Comment entrer dans un ouvrage aussi abondant sans risquer de s’y noyer? Toutes les questions qu’il présente ont quelque chose d’abyssal, partout on y côtoie l’idée de la mort. Dans le croisement de ces questions multiples et bigarrées peut jaillir en écho un foisonnement de réflexions tout aussi disparates. Ce genre de lecture ouvre sur l’immensité de l’imaginaire. L’usage rhétorique voudrait donc, au départ, que je prenne l’attitude de celui qui n’est pas sûr de pouvoir y ajouter quelque chose d’éclairant. Il faudrait une sorte d’« excusez-moi du peu ». Alors, que dire? Ma lecture est trop pressée, mon écriture aussi. Il n’est donc pas question d’entrer dans un exercice critique, auquel je ne trouverais d’ailleurs aucun plaisir. J’essayerai plutôt de vous faire part de mes annotations, au fil de la plume, depuis les marges, en filigrane du texte ou simplement à partir du rebond des mots. L’ouvrage de Thierry Hentsch s’est attiré, avec raison, une profusion d’éloges; il est riche et fort stimulant. Les commentaires que j’apporte ici ne veulent d’aucune façon diminuer l’intérêt du livre, bien au contraire. L’idée est plutôt, même s’il s’élabore en contrepartie, de relancer le questionnement.
QU’EST CE QUE L’OCCIDENT?
Voici le récit de ce que nous avons pris l’habitude d’appeler l’Occident. L’expression d’une très vieille quête d’infini, d’éternité qu’on ne cesse de reconduire, peut-être depuis toujours. Ce fut d’abord le chemin du soleil, puis celui des confins; un ailleurs sans cesse réinventé, toujours renvoyé plus loin, aux limites de l’univers.

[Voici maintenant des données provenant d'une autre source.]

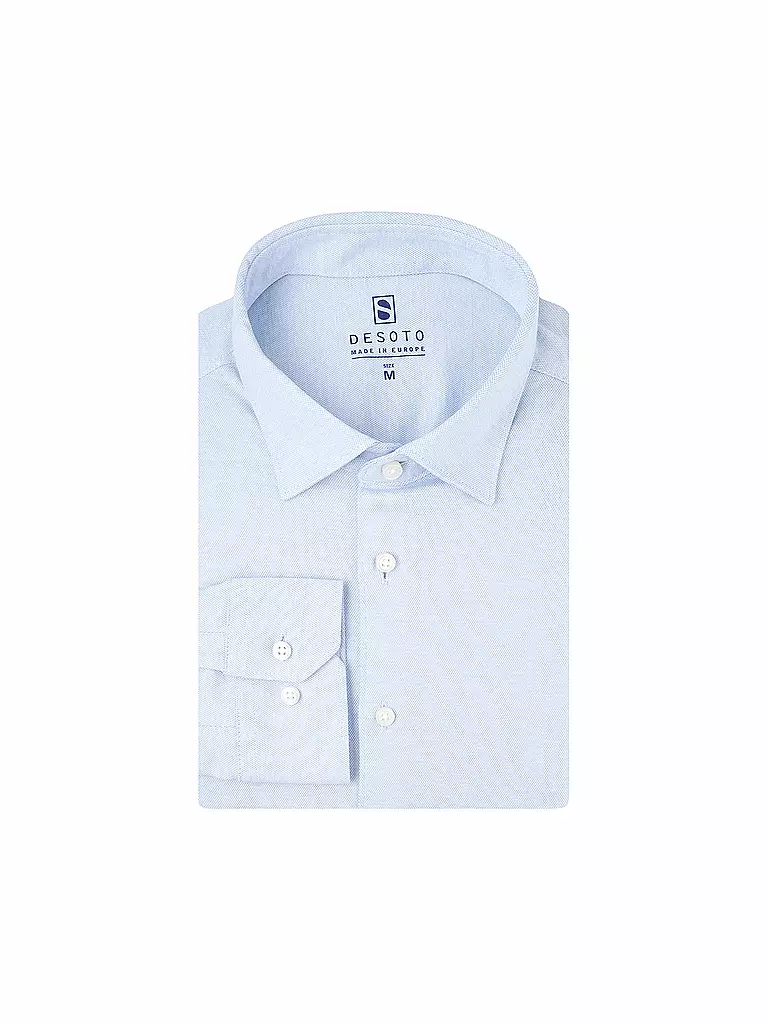 DESOTO | Camicia in jersey | Blu chiaro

L’Occident, à vrai dire, c’est surtout l’idée qu’on s’en fait. Il tient du fantasme : une chimère vaniteuse qui s’acharne, ostensiblement et laborieusement, à démontrer son existence. Ce n’est pas d’abord ce que nous étions, mais bien davantage ce que nous sommes devenus, ou plutôt ce que nous disons être devenus, avec un « inconfort » manifeste, une sorte d’amertume plus ou moins convenue.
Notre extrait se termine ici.